Gases react to their partial pressure – not necessarily their concentrations. React meaning dissolve, dissuse, and so forth, and needs a knowledge of air pressure and density at the altitude and geographic location of the sample proxy.
Its really hard to know which proxies to use for an aerial c02 construction from the past. Bill Illis quotes Veizer, but Veizer decouples temperature from pressure altogether
so

P Wilson
October 12, 2009 5:35 pm

oops.. last sentence should read: “decouples temperature from c02 concentration altogether”. I’m thinking faster than i’m typing

savethesharks
October 12, 2009 8:02 pm

Joel Shore “If you can find an example of a graph that you think I have objected to for no good reason, then great. Otherwise, you are just distracting from the fact that I have had very good reasons to object to this graph and many of the previous graphs that you have shown.”
HUH?
[This is almost comical. Reminds me of cartoon dialogue “Well YOU sir are a reason that I object to your objectivity…..etc.”
LOL
Joel…I hope you are not using the public dole to for your research.
But if you are on the public dole (and specifically if you are paid for by the American taxpayer….(translation: “You work for us” ….) then you need to get your $% off this blog and start doing some ACTUAL research.
Chris
Norfolk, VA, USA

savethesharks
October 12, 2009 8:21 pm

Dave Middleton “I buy fire insurance for my home because I know that houses catch on fire… It has happened before. There is direct observational evidence of other houses catching fire and burning down. I don’t carry flood insurance because I don’t live in a flood plain. I don’t carry asteroid impact insurance or other act-of-God-type insurance because those sorts of things have a low probability of occurring and an even lower probability that the insurance would do any good.”
I’m not going to willingly fork up several thousand dollars per year just in case the IPCC are right… When I know for a fact that their hypotheses run counter to the last 600 million years of geological history…Much the same way that I’d never willingly purchase asteroid impact insurance.”
WELL SAID.
Joel….why is this so hard for you to understand???
You are a physicist. Be objective. Let go of the natural cognitive dissonance tendencies that is endemic in our species and OPEN YOUR MIND.
Chris
Norfolk, VA, USA

Pamela Gray
October 12, 2009 8:30 pm

My dear, dear savethesharks, while I appreciate your recent knight in shining armor rescue, Joel has been working extra hard to present his point of view. As much as I disagree with his beliefs and his posts that have gone beyond high road debate techniques (which begs the question why I don’t follow such rules), your last couple of posts seem lacking in scientific rigor and slip into hyperbole, doncha think?

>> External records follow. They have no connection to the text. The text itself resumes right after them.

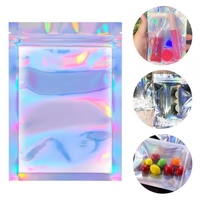 Sac en plastique Mylar transparent holographique personnalisé, refermable, anti-odeur, petit format, avec fermeture éclair, pour l'emballage alimentaire et les snacks - Offre Spéciale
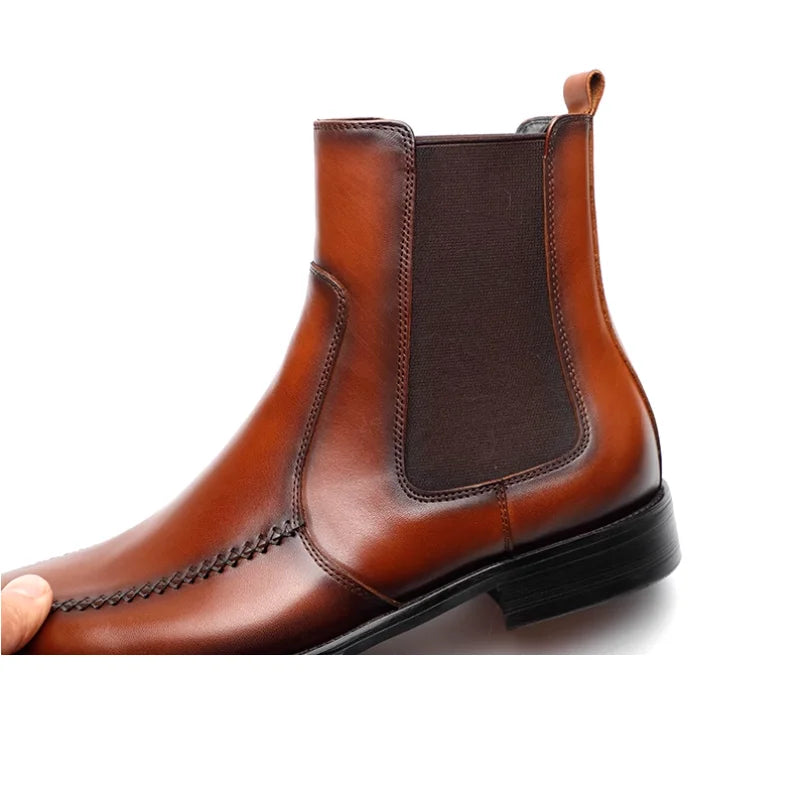 New men's Chelsea boots, youth British pointed leather shoes, vintage sleeve cowhide men's short boots.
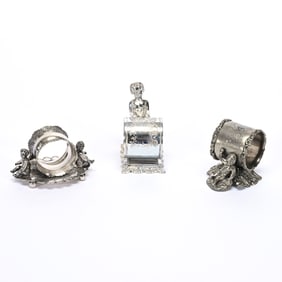 (3) Figural Napkin Rings, Silverplate, Cherubs/Puttis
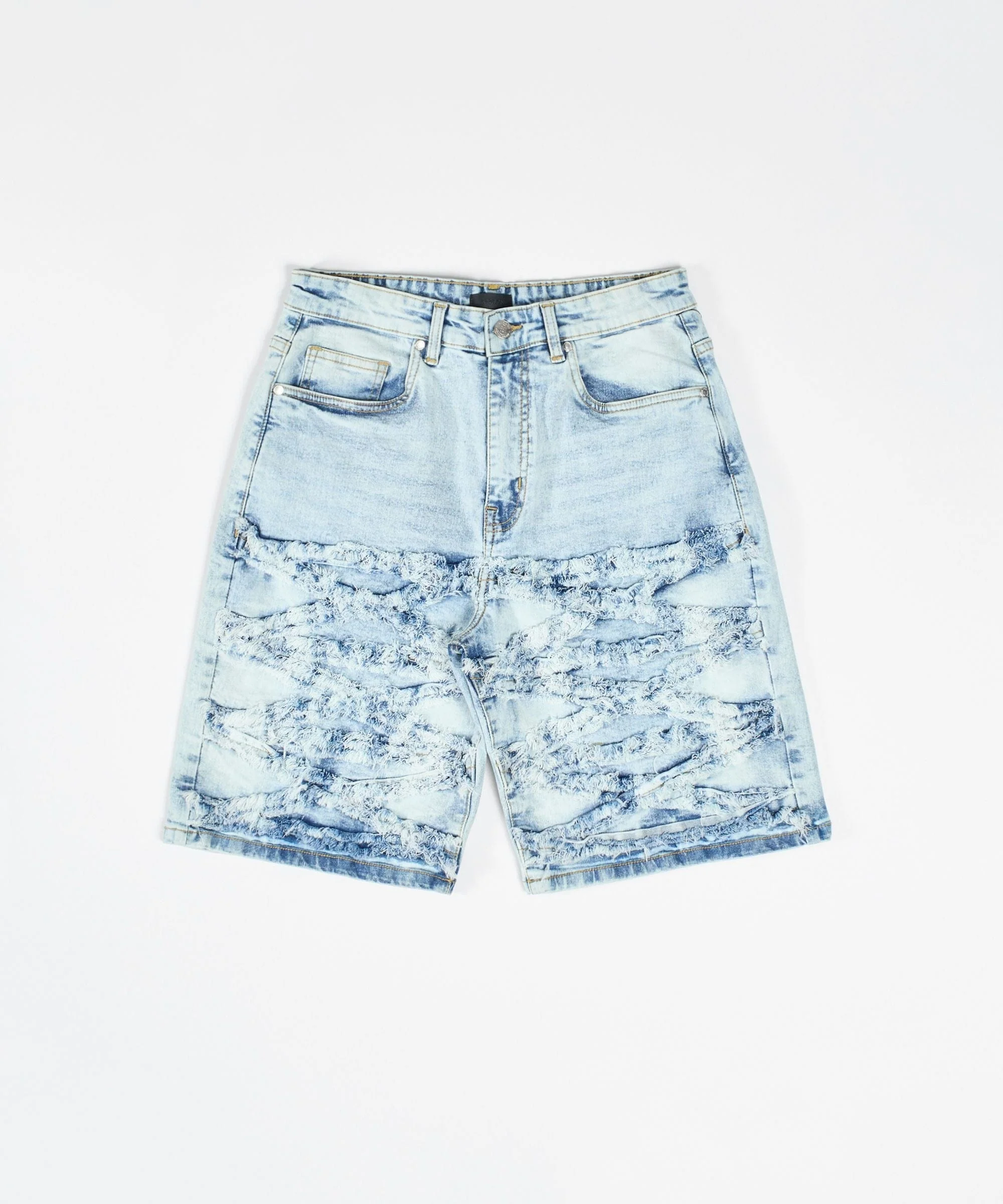 Destroyed Rip And Repair Denim Shorts - Light Blue
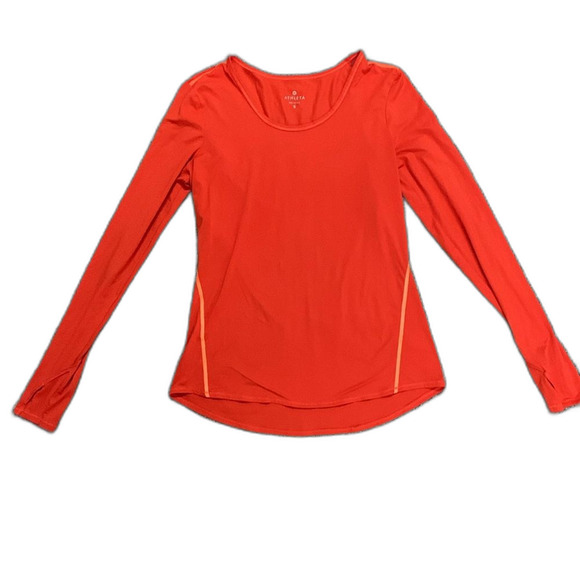 Athleta Chi Orange Long Sleeve Reflective Tape Contrast Seam Athletic Top Size S - Picture 1 of 13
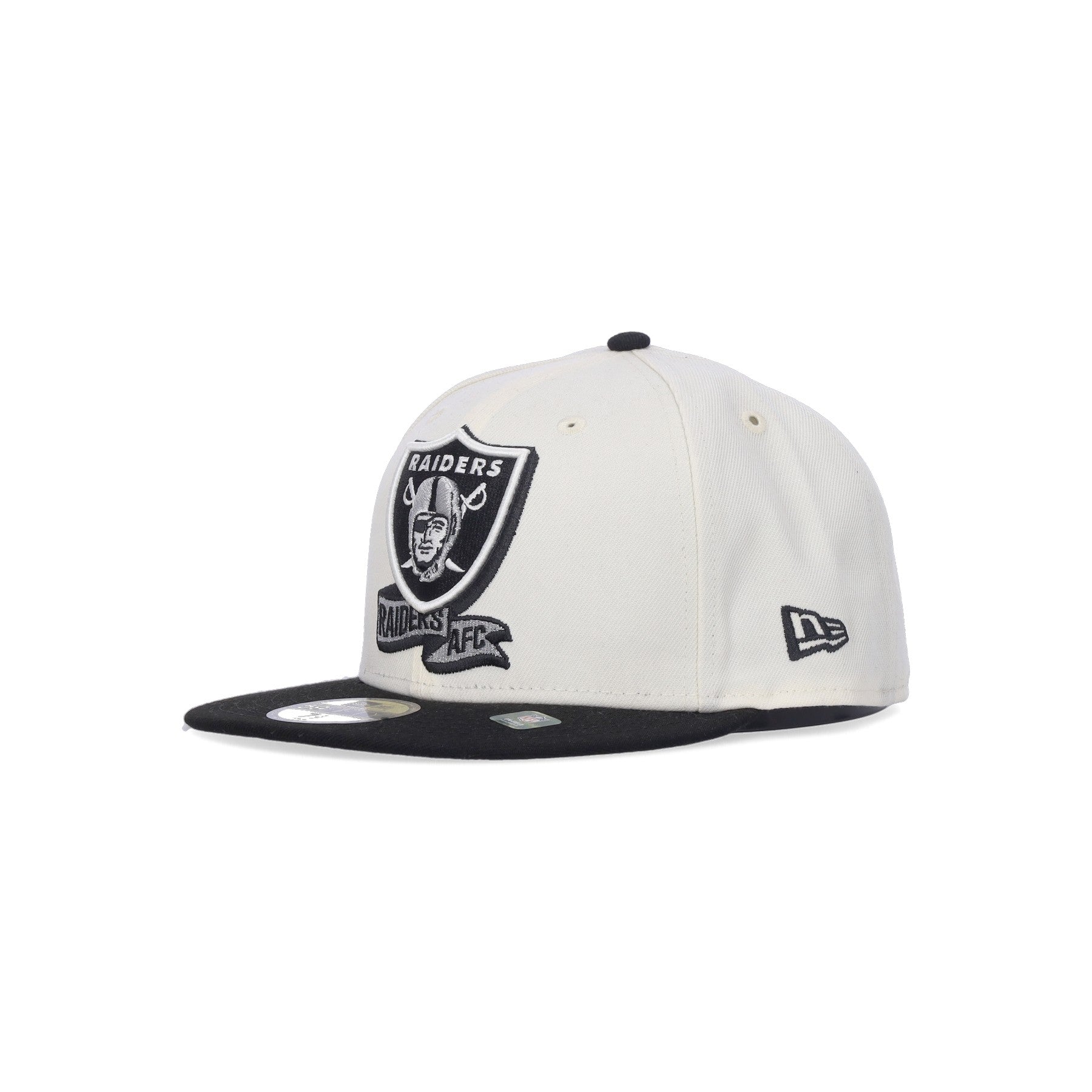 New Era, Cappellino Visiera Piatta Uomo Nfl Sideline 5950 Lasrai, Chrome White/original Team Colors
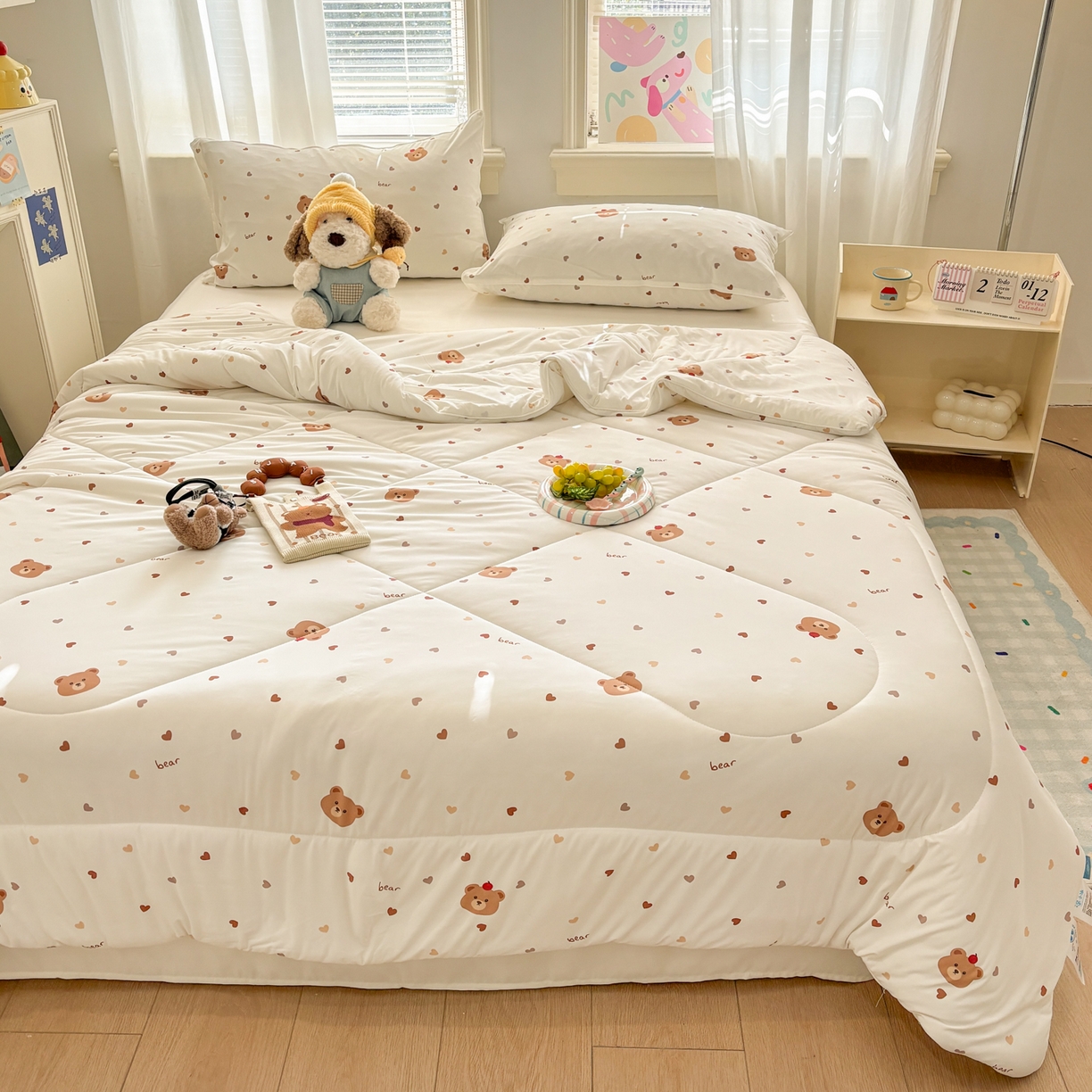 91家纺网 家纺一手货源 找家纺 益多眠 【同款超低价】2026新款锦氨夏凉被凉感丝夏被空调被单人夏被自带凉感冰丝夏被【四周踩棉】 爱心小熊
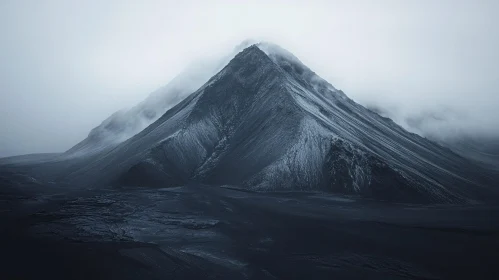 Misty Mountain Peak in Early Morning Fog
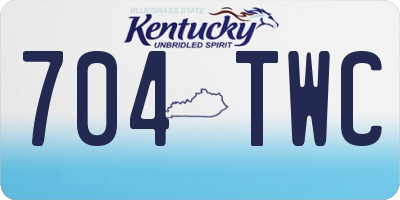 KY license plate 704TWC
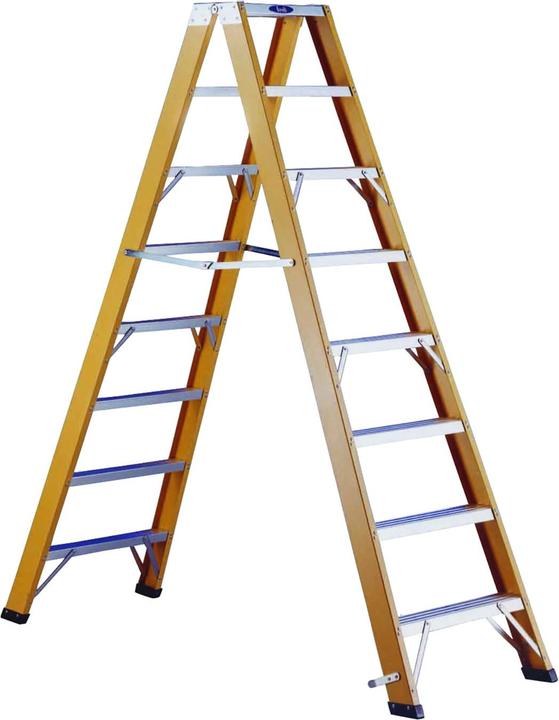Cimco Stufen-Stehleiter mit 2 x 8 Stufen, Höhe 2,00m, 10,5kg, 30.000V, Stufe 80 mm bre (Gerüst, 200 cm)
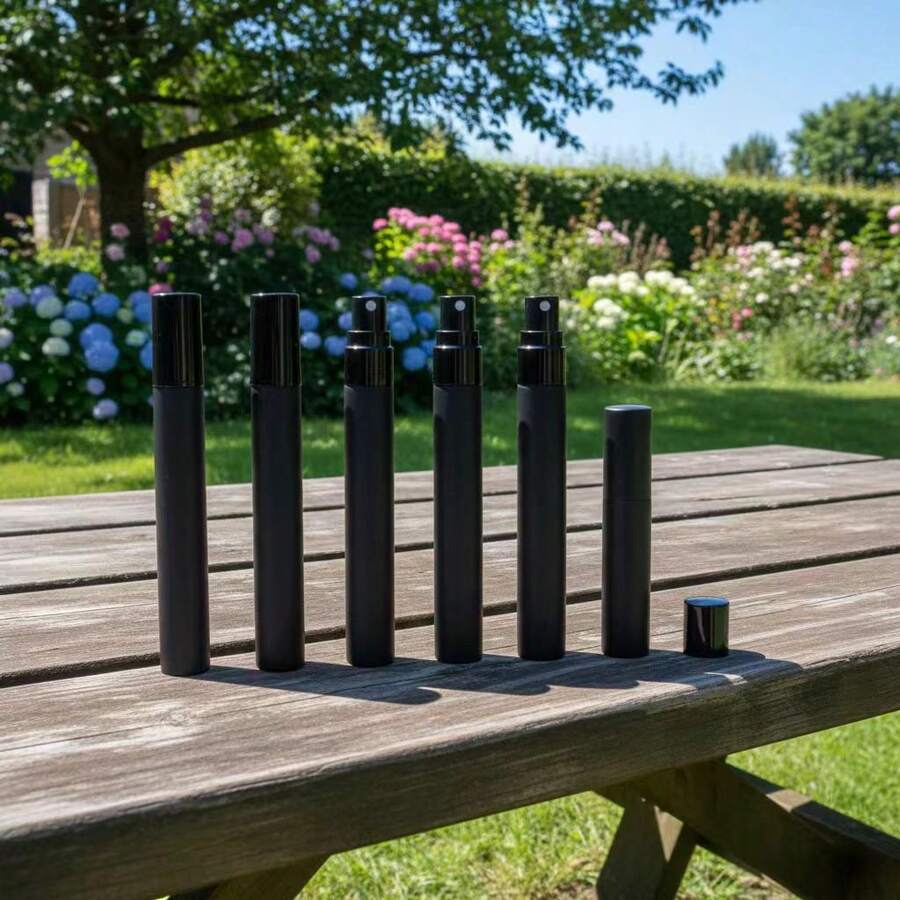 5 ml, 10 ml Bouteille de verre noir élégante rechargeables avec vaporisateur en aluminium noir - Convient pour le transvasement de parfum, de cosmétiques liquides et d'atomiseur d'assainisseur d'air - Idéal pour les voyages, bouteille de parfum rechargeables - Voir 1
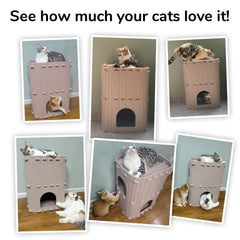 FUKUMARU Cat House beige felt exterior offers warm privacy and insulation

Don’t let em git under your skin, lessen you have had a sip or two of red wine and 85% cocoa chocolate. Then it’s understandable. Trust me.

savethesharks
October 12, 2009 8:31 pm

And this one….also worth repeating AGAIN AND AGAIN:
Dave Middleton “Rather than going broke trying to alter the Earth’s natural climate cycles, I’d rather generate as much wealth now as possible so that we have the financial means to cope with future climate change. Because, if there is one thing that I do know for certain, it is that the Earth’s climate will always be changing.”
This….THIS, folks….is the crux of the matter.
Flawless, irrefutable logic of the ages.
Needs to be repeated again and again and again.
It is truly sad that people hold onto their belief systems when their belief systems fail…and even betray….them.
That is why the AGW myth will go down in history as just that.
“I want to believe.”
“I want to think that I am helping my planet.”
Hey…noble cause.
What if “helping our planet” was foregoing all of the wild goose chases about trace gasses in the atmosphere determining Earth’s climate [I mean….just even LOOK at Al Gore….would even trust him to give Halloween candy to your kid? I think not.]….but what if “helping our planet” was defined as simply learning to ADJUST WITH HER CYCLES.
We have SO much to learn a species. We have been here but such a short period of time.
Perhaps there is hope.
But it ain’t remotely in the hands of the IPCC!!
Chris
Norfolk, VA, USA

savethesharks
October 12, 2009 8:38 pm

Pamela Gray “…your last couple of posts seem lacking in scientific rigor and slip into hyperbole, doncha think?…”
No, I don’t Pamela. No hyperbole at all.
Just simple, direct OBSERVATION of a flaw.
No scientific “rigor” needed. And DEFINITELY no hyperbole.
Just the facts, ma’am.
[My name is Chris by the way].
Chris
Norfolk, VA, USA

savethesharks
October 12, 2009 8:57 pm

This is worth re-posting….beyond Pamela’s interference:
Go OSU! 🙂
——————————————
Dave Middleton “I buy fire insurance for my home because I know that houses catch on fire… It has happened before. There is direct observational evidence of other houses catching fire and burning down. I don’t carry flood insurance because I don’t live in a flood plain. I don’t carry asteroid impact insurance or other act-of-God-type insurance because those sorts of things have a low probability of occurring and an even lower probability that the insurance would do any good.”
“I’m not going to willingly fork up several thousand dollars per year just in case the IPCC are right… When I know for a fact that their hypotheses run counter to the last 600 million years of geological history…Much the same way that I’d never willingly purchase asteroid impact insurance.”
WELL SAID.
Joel….why is this so hard for you to understand???
You are a physicist. Be objective. Let go of the natural cognitive dissonance tendencies that is endemic in our species and OPEN YOUR MIND.